Sestili, Carson D., Snavely, William S., VanHoudnos, Nathan M.

arXiv.org Machine Learning 

Abstract--In this study, we investigate the limits of the current state of the art AI system for detecting buffer overflows and compare it with current static analysis tools. To do so, we developed a code generator, sbAbI, capable of producing an arbitrarily large number of code samples of controlled complexity. We found that the static analysis engines we examined have good precision, but poor recall on this dataset, except for a sound static analyzer that has good precision and recall. We found that the state of the art AI system, a memory network modeled after Choi et al. [1], can achieve similar performance to the static analysis engines, but requires an exhaustive amount of training data in order to do so.
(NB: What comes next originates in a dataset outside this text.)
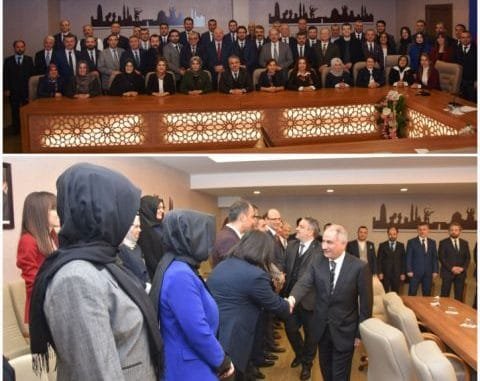 AK PARTİ İL YÖNETİM KURULU VE EFKAN ALA AK PARTİ İL YÖNETİM KURULU VE EFKAN ALA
Our work points towards future approaches that may solve these problems; namely, using representations of code that can capture appropriate scope information and using deep learning methods that are able to perform arithmetic operations. Predicting security defects in source code is of significant national security interest. It is ideal to detect security defects during development, before the code is ever run to expose those defects. The current best methods to find security defects before running code are static analysis tools, a variety of which exist and model software in different ways that are all useful for different kinds of flaws. Developers of static analyzers carefully equip them with rules about program behavior, which are used to reason about the safety of the program if it were to run. However, static analyzers are known to be insufficient at finding flaws. The Juliet Test Suite [2]-[4] is a collection of synthetic code containing intentional security defects across hundreds of vulnerabilities in the Common Weakness Enumeration standard, labeled at the line-of-code level. Even state-ofthe art static analyzers perform poorly at finding the defects in Juliet, issuing too many false positives and also too many false negatives [5]-[8].